Stop the SLA clock while a ticket is in a "waiting" status — typically waiting on the customer — or while it's blocked by another ticket. Paused time doesn't count toward the target, and the deadline shifts out by however long the ticket was paused.

Status pausing is opt-in No status pauses the clock until an admin chooses one, so nothing changed for anyone on release. (Pausing for tickets blocked by another ticket is the one exception — it's on by default; you can turn it off.)

Why pause the clock

Teams shouldn't be penalised for time outside their control. If a ticket sits for two days waiting on a customer reply, those two days shouldn't eat the SLA. Pausing pairs naturally with business hours — together they make sure the clock only runs when the ball is in your court and you're open.

Choosing which statuses pause the clock

This is an admin task in Settings → Tickets → SLAs, in the "Pause the SLA timer when…" section.

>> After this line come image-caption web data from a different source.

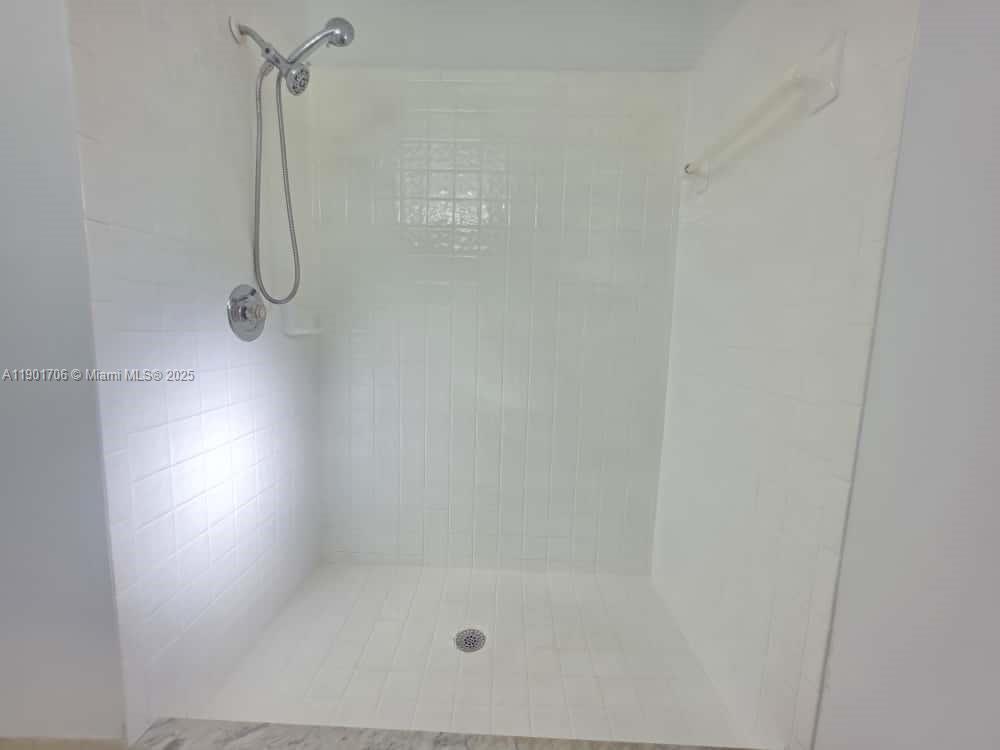 TRADEWINDS AT DOS LAGOS C - Residential Lease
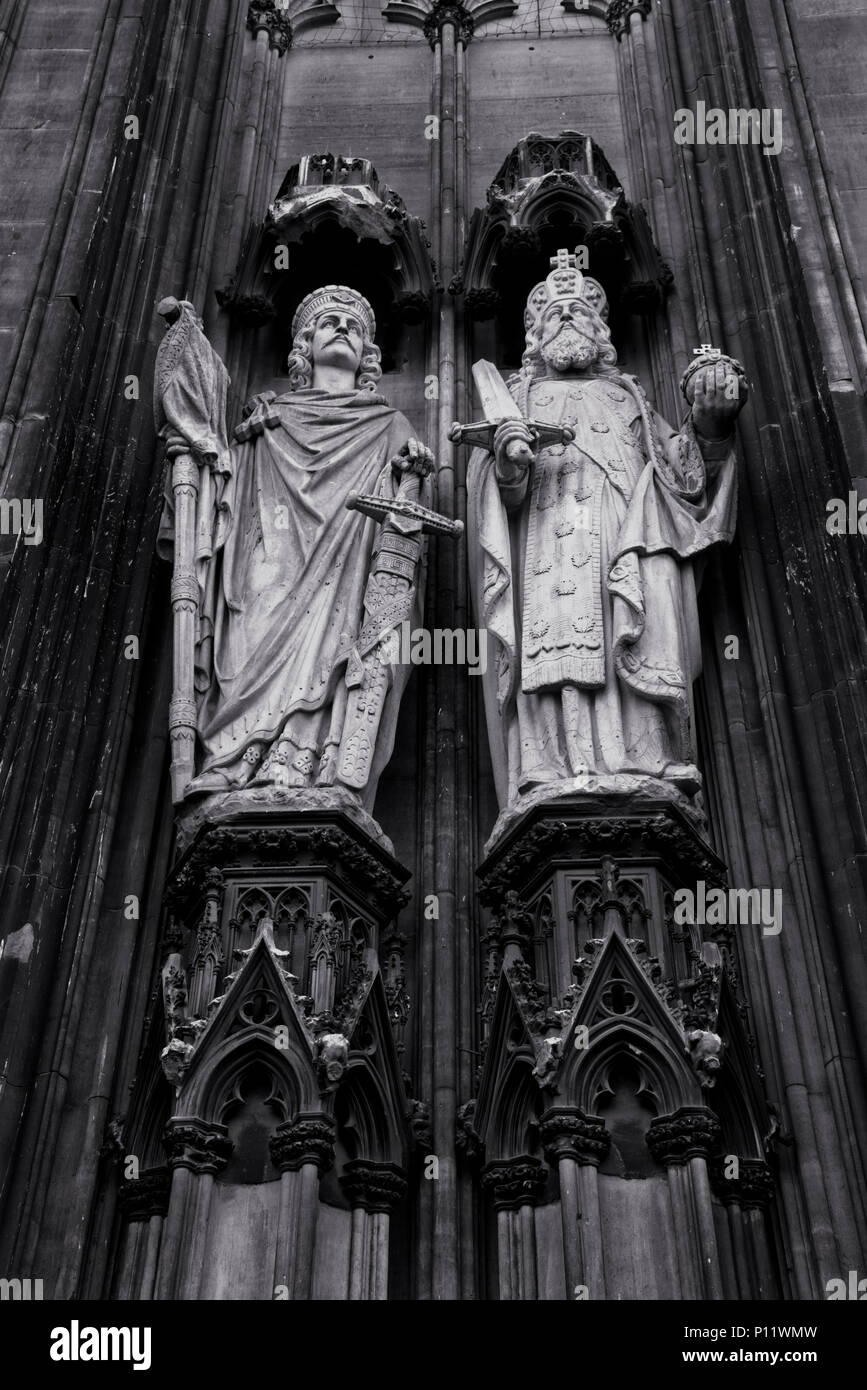 An der westlichen Portal des Kölner Doms sind diese beiden berühmten Persönlichkeiten der Geschichte: Konstantin der Große (links) und Karl (rechts). Die Statuen sind aus Kalkstein vom Künstler Peter Fuchs ca. 1870 hergestellt. Die Restaurierung fand im Jahr 2005 statt. Stockfoto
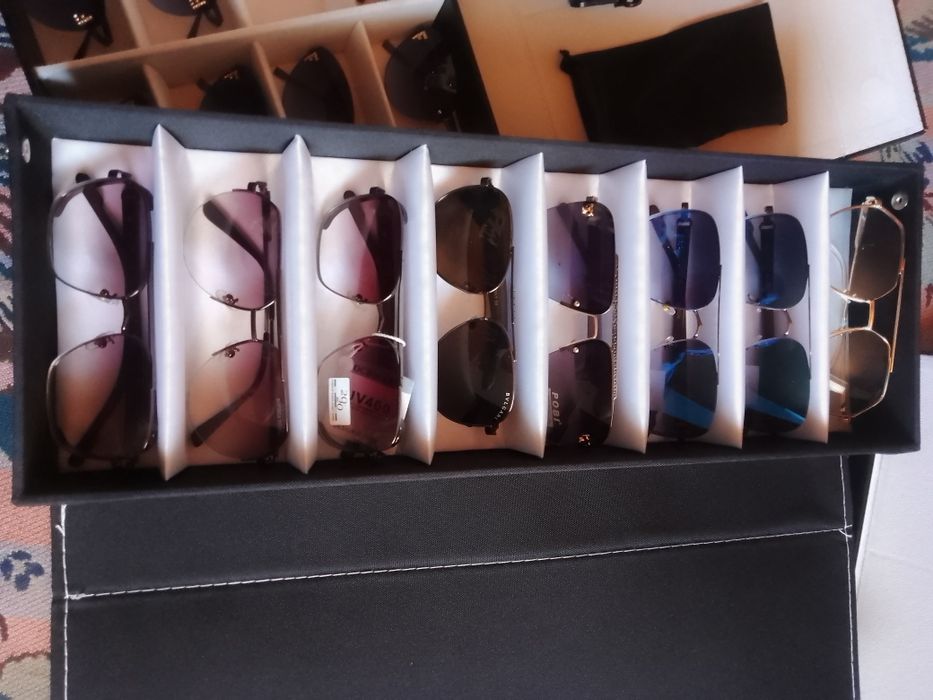 Очки новые разные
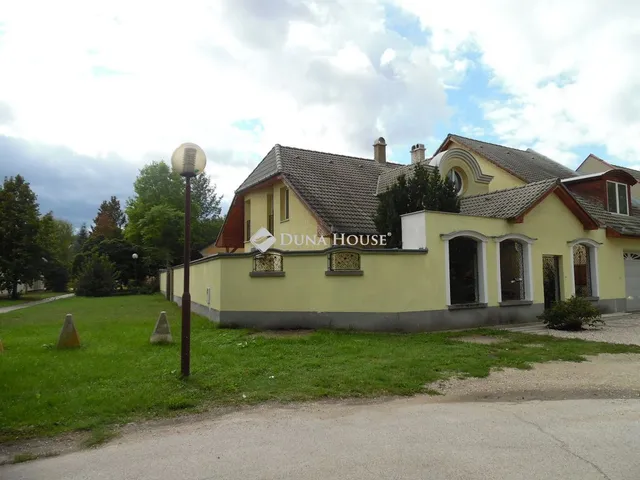 Kiadó ház Kecskemét 175 nm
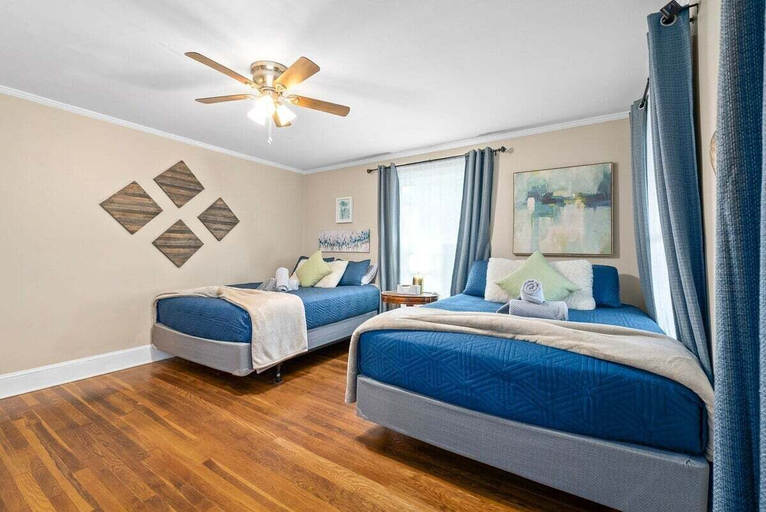Room 2, Madison Terrace, Montgomery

  1. 1 Open Settings → Tickets → SLAs and find Pause the SLA timer when…
  2. 2 Under Pause on these statuses, tap each status where you're waiting and shouldn't be on the clock — for example On Hold.
  3. 3 That's it — the change applies right away. While a ticket sits in any selected status, its SLA timer stops.
The "Pause the SLA timer when…" section showing the "Pause on these statuses" status chips (New, In Progress, On Hold, Reopened) with the waiting statuses selected. sla-pause-statuses.png

How paused time works

  • Paused time is excluded from the target. If a ticket spends a day in a paused status, its deadline moves out by a day.
  • The ticket shows a "Paused" indicator while the clock is stopped — for example "Paused — On Hold." The progress bar freezes in place.
  • The timeline records it. You'll see activity entries like "paused SLA — status set to On Hold" and "resumed SLA — left On Hold."
  • No double-counting with business hours. If you're also on business-hours mode, an overnight pause is handled correctly — the same hour is never subtracted twice.

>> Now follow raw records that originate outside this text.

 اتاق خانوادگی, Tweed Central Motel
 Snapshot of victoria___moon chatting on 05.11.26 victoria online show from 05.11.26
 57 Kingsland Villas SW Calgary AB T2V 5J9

Tickets blocked by another ticket

Separately from statuses, a ticket marked "blocked by" an open ticket pauses its SLA countdown until the blocker closes or the link is removed. This is controlled by the "Pause SLA timer while a ticket is blocked by another" toggle in the same section.

  1. 1 An agent marks Ticket A as "blocked by" Ticket B (using ticket relations).
  2. 2 Ticket A's SLA countdown pauses immediately and shows "Paused — blocked by #B."
  3. 3 When Ticket B closes (or the blocked-by link is removed), Ticket A's countdown resumes from where it left off.
Blocked-by pausing is on by default Unlike status pausing, the blocked-by pause ships turned on (you'll have seen the "New: SLA pause-on-blocked" banner). If you'd rather blocked tickets keep counting, switch the toggle off.

Frequently asked questions

Does pausing change my existing SLA numbers?

Only going forward, and only for tickets that enter a status you've marked as pausing. Until you select a status, nothing pauses.

Which statuses should I pause on?

Pick the ones where the ball is in someone else's court — commonly a "waiting on customer" or "On Hold" status. Don't pause on statuses where your team is still expected to act.

What's the difference between status pausing and blocked-by pausing?

Status pausing stops the clock based on the ticket's status (e.g. On Hold). Blocked-by pausing stops it based on a relationship — the ticket is blocked by another open ticket. You can use either, both, or neither.